» Assignment
Starting at the line that contains "東風(fēng)天錦越野隨車吊 東風(fēng)天錦越野隨車吊" and stopping at the line that contains "Phòng Giường Đôi Với Phòng Tắm Chung", transcribe every line of the material below exactly; pictures stay out.

» Information supplied
• • • •
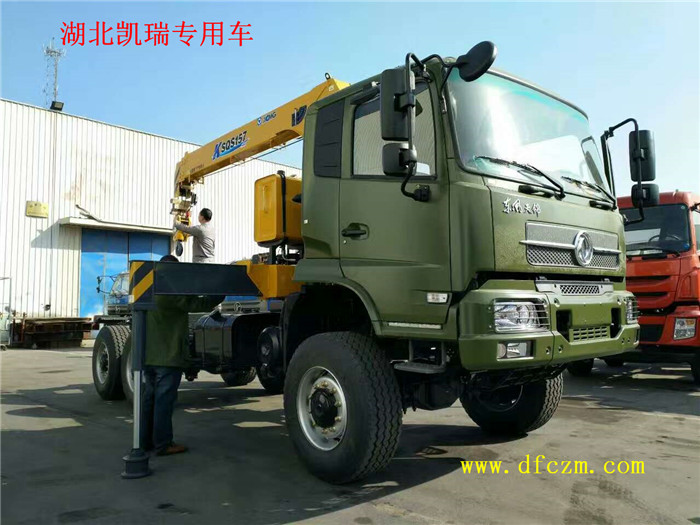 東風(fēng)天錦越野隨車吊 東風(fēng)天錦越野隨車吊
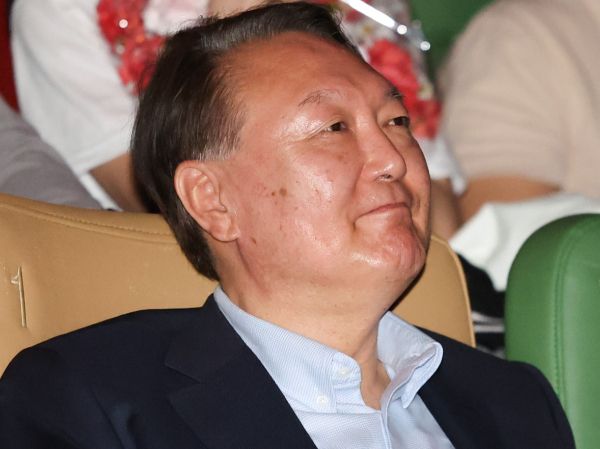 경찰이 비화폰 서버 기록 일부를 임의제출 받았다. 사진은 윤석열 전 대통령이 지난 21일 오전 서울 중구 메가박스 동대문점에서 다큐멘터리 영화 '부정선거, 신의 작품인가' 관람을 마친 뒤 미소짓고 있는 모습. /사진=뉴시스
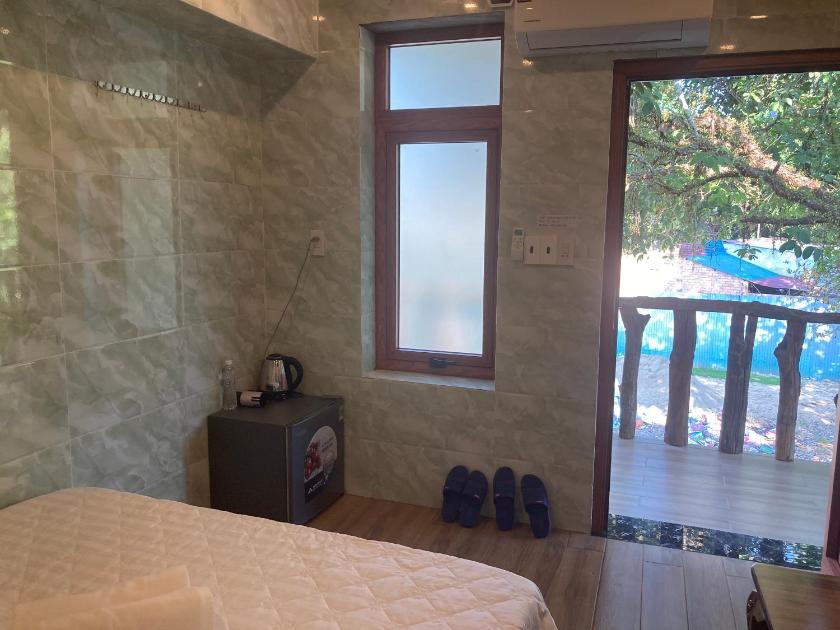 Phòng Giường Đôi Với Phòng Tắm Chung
• • • •
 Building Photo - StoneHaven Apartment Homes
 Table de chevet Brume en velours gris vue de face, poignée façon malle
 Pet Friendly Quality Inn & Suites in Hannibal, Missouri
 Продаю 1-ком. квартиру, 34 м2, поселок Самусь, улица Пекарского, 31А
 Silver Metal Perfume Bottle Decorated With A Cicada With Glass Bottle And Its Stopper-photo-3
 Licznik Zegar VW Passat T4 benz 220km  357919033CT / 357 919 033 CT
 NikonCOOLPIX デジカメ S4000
• • • •
» Your response
 東風(fēng)天錦越野隨車吊 東風(fēng)天錦越野隨車吊
 경찰이 비화폰 서버 기록 일부를 임의제출 받았다. 사진은 윤석열 전 대통령이 지난 21일 오전 서울 중구 메가박스 동대문점에서 다큐멘터리 영화 '부정선거, 신의 작품인가' 관람을 마친 뒤 미소짓고 있는 모습. /사진=뉴시스
 Phòng Giường Đôi Với Phòng Tắm Chung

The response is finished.